Audi Freestyle Wheelie Electric Bike Review

Audi Electric Bike Review

The German car and motorcycle manufacturer Audi is about to enter the electric bicycle market –  the top-of-the-line electric bicycle market. Audi unveiled their electric bike prototype at the Wörthersee car expo In May 2012. (Each May, the Volkswagen and Audi car show is held in the Austrian town of Reifnitz, adjacent to Lake Worth (Wörthersee) The car expo is typically just called Wörthersee.)

Audi’s entry into the electric bike market is significant for many reasons. Firstly Audi purchased the Italian motorcycle manufacturer Ducati in April this year for a reported $1.2 Billion. This gives Audi access to a worldwide dealership and distribution network. Automakers are realising that the future of transport will cover the full spectrum of vehicles and fuel types. The big auto brands have an unprecedented opportunity to expand their product range and brands into new markets that have traditionally not been their domain of expertise. The lines will continue to blur and Audi along with BMW and Smart are introducing commuter and performance electric bikes.

Also, while Europe and Asia have embraced the electric bike, citizens of the United States are still dragging their heels on adopting this technology (as well as that of electric motorcycles and electric cars.) Many US cities are undergoing planning changes that will increase cycle ways and reduce the reliance on the motor vehicle. Combined with the electrification of many forms of transport the combined effect on the electric bike market look promising.

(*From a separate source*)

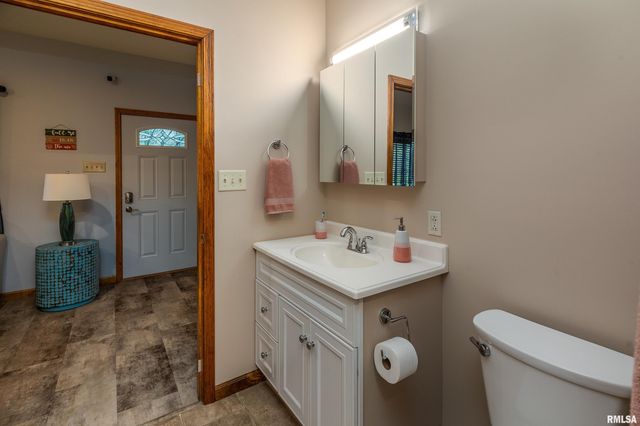 13414 S Egypt Shores Drive, Creal Springs, IL 62922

Audi, which is owned by Volkswagen, is one of the largest car companies in the world, with the finances to conduct research into electric vehicle technology and bring a design successfully from the prototype to the display floor. Audi’s prototype electric bike, provisionally called the Wörthersee, has been making currents (that’s an attempt at a pun…) since it was unveiled. This is for many reasons – but the main one is that it is pushing the limit of what an electric bike can do and push beyond the traditional rider. The Audi ebike is a trick cycling bike, coming with two “wheelie modes,” automatic stabilization while tricks are being performend, and the capability of recording those tricks and uploading them to Facebook right from the bike! It’s this integration with software and social media that makes these bikes really interesting. They’ll connect the real world with the virtual world. It is those features that will likely sell this bike to the American sporstperson and convince them that an ebike is so much more that a bicycle with an electric motor.

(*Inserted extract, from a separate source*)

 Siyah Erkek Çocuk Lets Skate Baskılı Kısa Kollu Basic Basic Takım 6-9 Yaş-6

Lightweight Carbon Fiber Frame

One of the drawbacks of electric bikes to date has been their weight. The battery pack has always been very heavy. This if fine when the battery is fully charged and assisting the bicyclist. But when the bike runs out of juice and the bicyclist needs to ride back home, it can be twice as difficult to reach home – especially if one has to do it by going up a significant grade. The Wörthersee incporporates not only a carbon fiber frame but also wheels of carbon-fiber-reinforced plastic (if you’re an anagram junkie, that’d be CFRP). The frame weighs 3.53 pounds, and the wheels weigh just 1.32 pounds. (Never fear, the frame is reinforced at load points, so it can bear a hefty amount of weight.) Add the battery to that and the total bike weighs only 46.3 pounds or 21 kg which is an amazing accomplishment in engineering.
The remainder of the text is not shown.